Why is pipelining easier on a RISC vs a CISC?

[kostoglotov]

I know very basically what pipe-lining is. My understanding is that the output from one "computing element" (usually a small set of instructions solving a simple task, such as say, finding a geometric mean) should flow immediately into the input of the following "computing element" where it is being used, instead of being stored somewhere in ram/cache and then retrieved again later.

I've read that pipe-lining is easier to achieve (generally) with a RISC rather than a CISC.

I regurgitated this to a friend of mine recently, and he asked why this would be so, and I couldn't give an answer.

It feels right intuitively that RISC would be easier to do pipe-ling for than CISC...but in all honesty, I don't understand why.

Could someone help me understand why?

I already have a basic working understanding of the von Neumann architecture of CPU (ALU, PC, registers, control logic), but no real knowledge of real systems.

 

[Laurie K]

It feels right intuitively that RISC would be easier to do pipe-ling for than CISC...but in all honesty, I don't understand why.

ISC means the same thing in both so do you know what the difference between CISC and RISC is?

 

[kostoglotov]

ISC means the same thing in both so do you know what the difference between CISC and RISC is?

Reduced Instruction Set vs Complex Instruction Sets for the CPU control logic.

In the first half of the nand2tetris course a series of projects lead me through describing a very basic CPU from the nand gates up in a basic custom HDL.
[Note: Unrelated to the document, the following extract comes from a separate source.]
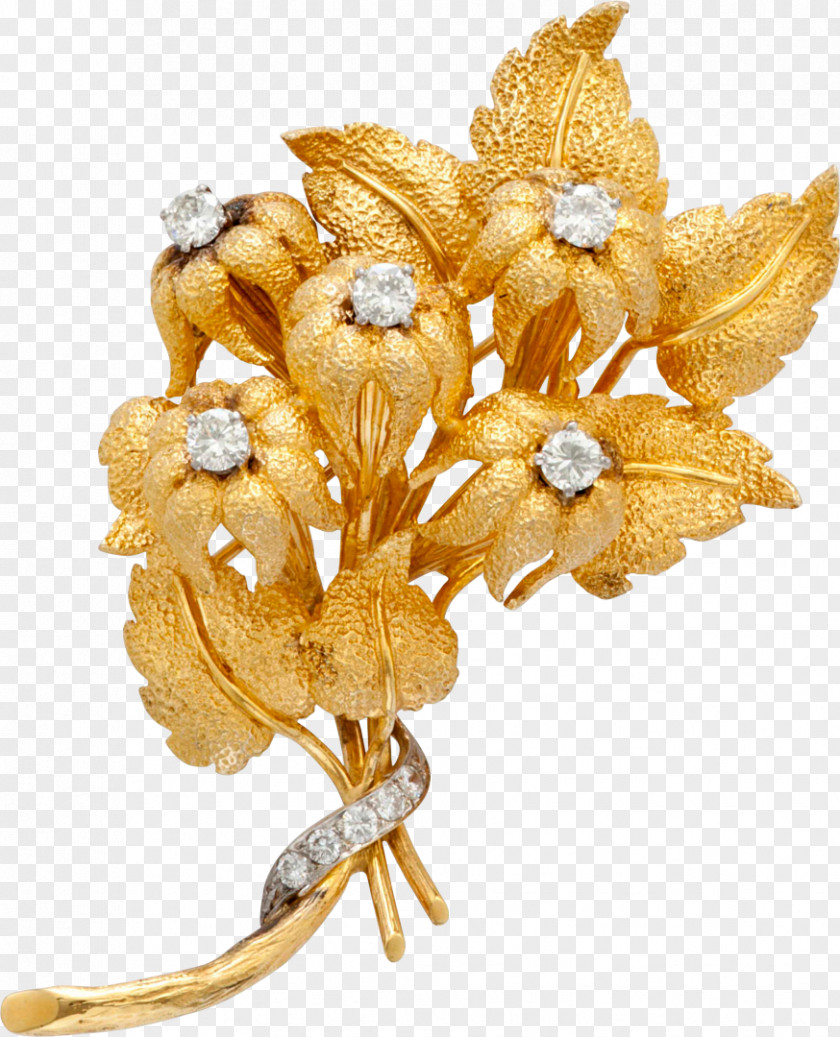 Gemstone Brooch Flower Gold PNG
The CPU I eventually described was actually a Harvard Architecture, not strict von Neumann, in so far as the instructions for the ALU, jump conditions and destination registers were stored separately in the ROM from the constant or memory address values; based A instructions and C instructions. They said that in most CPU those addresses/constant values get stored in the same instructions for the ALU, jump and dest registers. However, their Hack CPU was only 16 bit.

But I am not familiar with x86 or ARM for instance.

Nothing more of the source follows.